Whatever I shall go on to say in this article about the problems and prospects of theology in Slovakia will be written in vain if this fundamental problem, which is more spiritual in nature than intellectual, is ignored. Nothing like a true public confession occurred. Memory was never cleansed. How many faculty meetings did I endure in which one or the other whispered to me, "That one has blood on his hands!" How much dirt is still cast around to intimidate, blackmail, or defame others! How false all pious acclamation of our Lutheran theology of the forgiveness of sins -real not imaginary sins (Luther)-must sound in a community incapable of telling the truth about itself and just so relying on God to cleanse and heal! "If we say that we have no sin, we deceive ourselves and the truth is not in us."

Because the church lives by faith in the forgiveness of sins, it knows that as a phenomenon of history, Christianity will always be ambiguous. The old ironic observation goes: Christ promised the kingdom of God, but what we got was the church. The irony points to the vanity of a church that pretends to be the kingdom of God rather than merely its sign or sacrament, pointing to it. But rightly, the church proclaims Christ as the promise of the kingdom of God. The only unambiguous thing about the church is this Christ whom she proclaims, when she proclaims Christ as the good reason for trust in God's coming kingdom and consequently the good reason for faithful, hopeful, loving service in his name.

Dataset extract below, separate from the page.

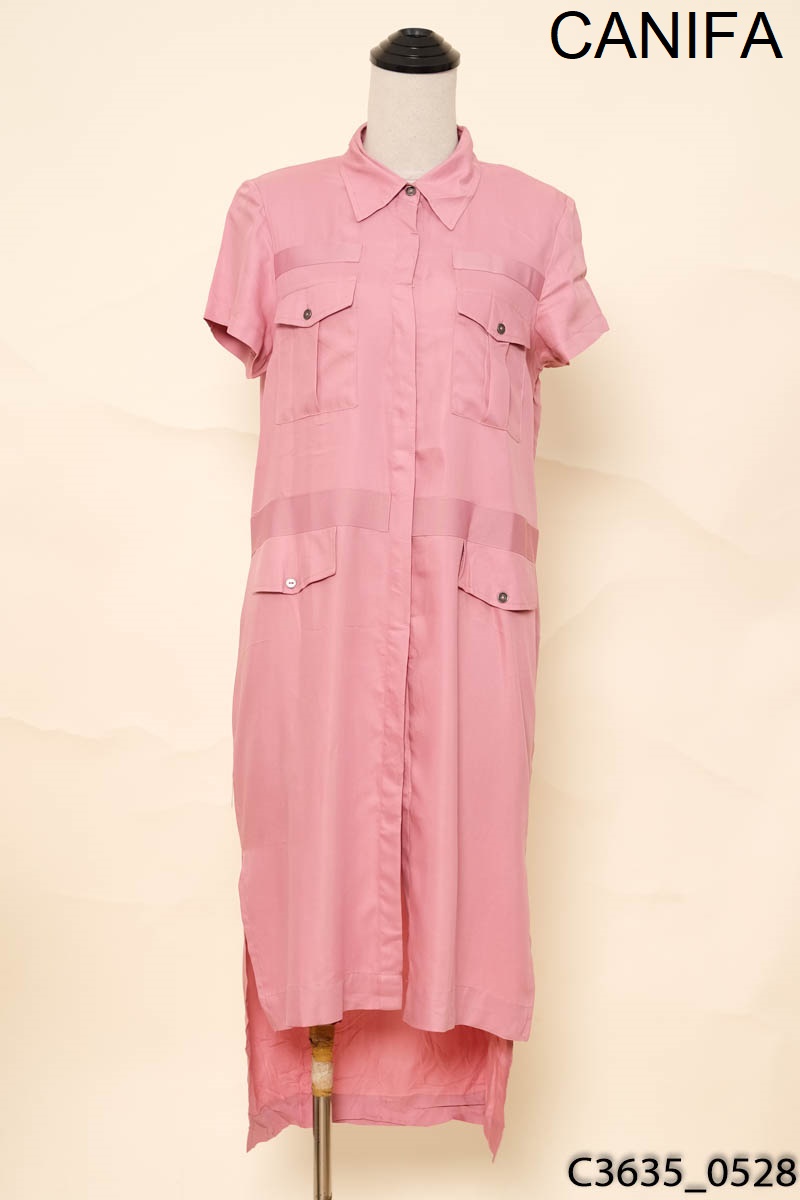 Đầm sơ mi hồng tím CANIFA New Tags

For human reason, it will always be an open question until the eschatological finale, whether the churches have represented or betrayed the Kingdom of God. No amount of historical study can overcome this stumbling block. Just so, for every new generation it is a real decision of faith whether or not to join the church, in that here and here alone Jesus Christ is proclaimed as God's YES. This applies even, if not especially, to those churches that think of themselves as reformed. Applying this critical principle to ourselves in our own history and tradition, indeed, is the practice of repentance at the heart of the Lutheran reformation. The very first of the 95 Theses reads: "When our Lord Jesus Christ said, 'Repent!' he meant for the whole life of the believer to be one of repentance." This applies as well to our life together as church, as the people of God. As Luther himself put it in his early Commentary on Romans: "This is the true people of God who continually brings to bear the judgment of the cross upon themselves." Note well: not on the others, but upon themselves. Semper reformanda is the real living spirit of Lutheranism. It is spiritually opposed to any doctrinaire form of ideological Lutheranism (which can be "liberal" as well as "conservative"), frozen like a display in a museum, nursing ancient grievances against other Christians in order desperately to hold on to shrinking numbers of loyalists, when the real movement of the gospel in history has passed it by.

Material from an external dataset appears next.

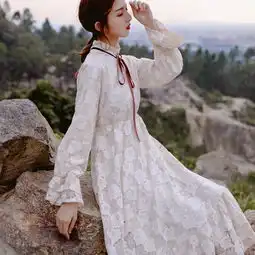 梦幻十足的仙女连衣裙,出游拍照效果美美哒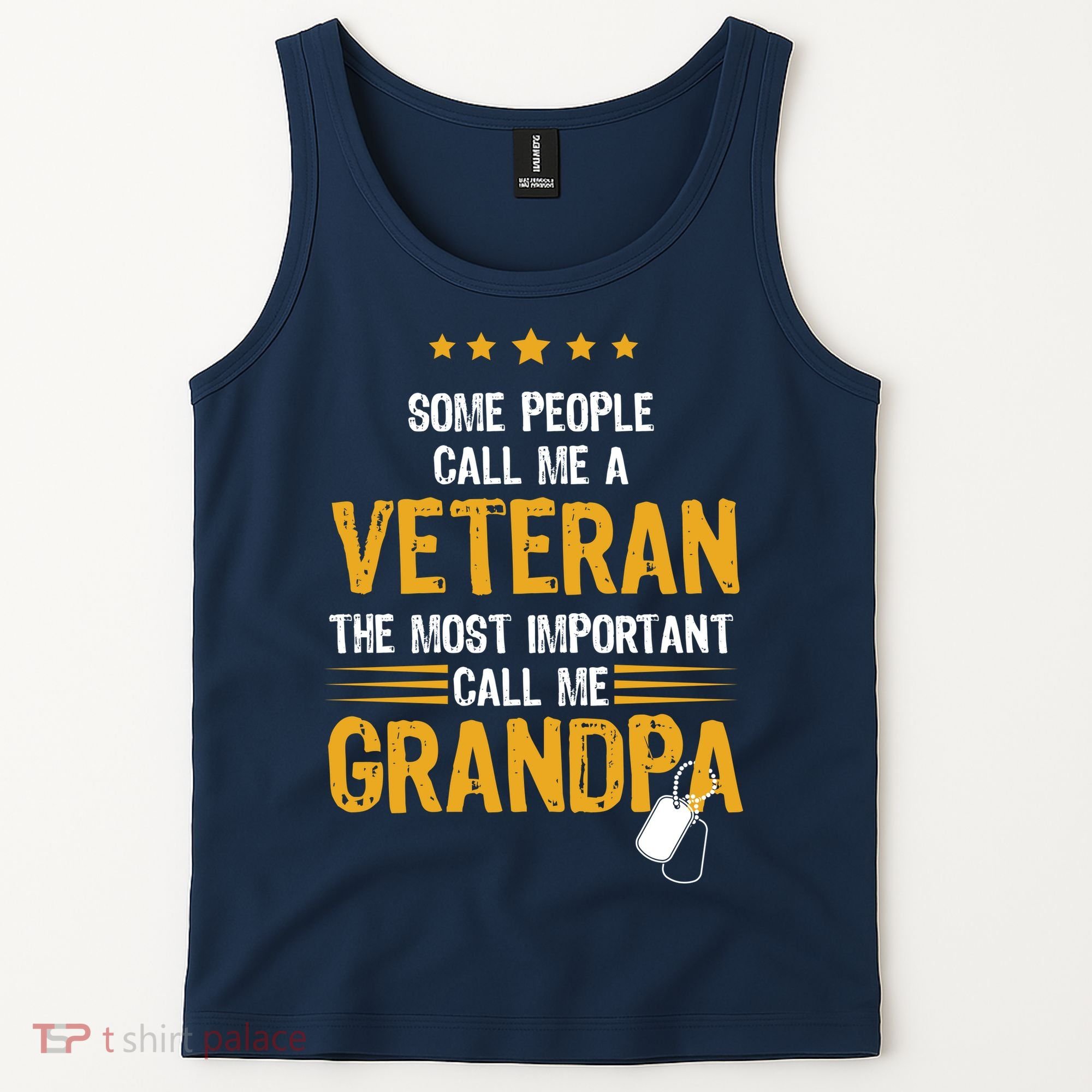Veteran Grandpa Tank Top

I call such "theology" denominational ideology, because it gives up the true, critical task of testing the spirits to support partial human, historical and indeed tribal loyalties; it always works to justify existing thinking and practice; it never asks for the new thing the God of the gospel is doing; it turns God into an idea that we can control, manipulate and predict; it never leads to serious self-examination. No matter what the question, the outcome is always the same: we were right, we are right and we will be right - let all others be damned!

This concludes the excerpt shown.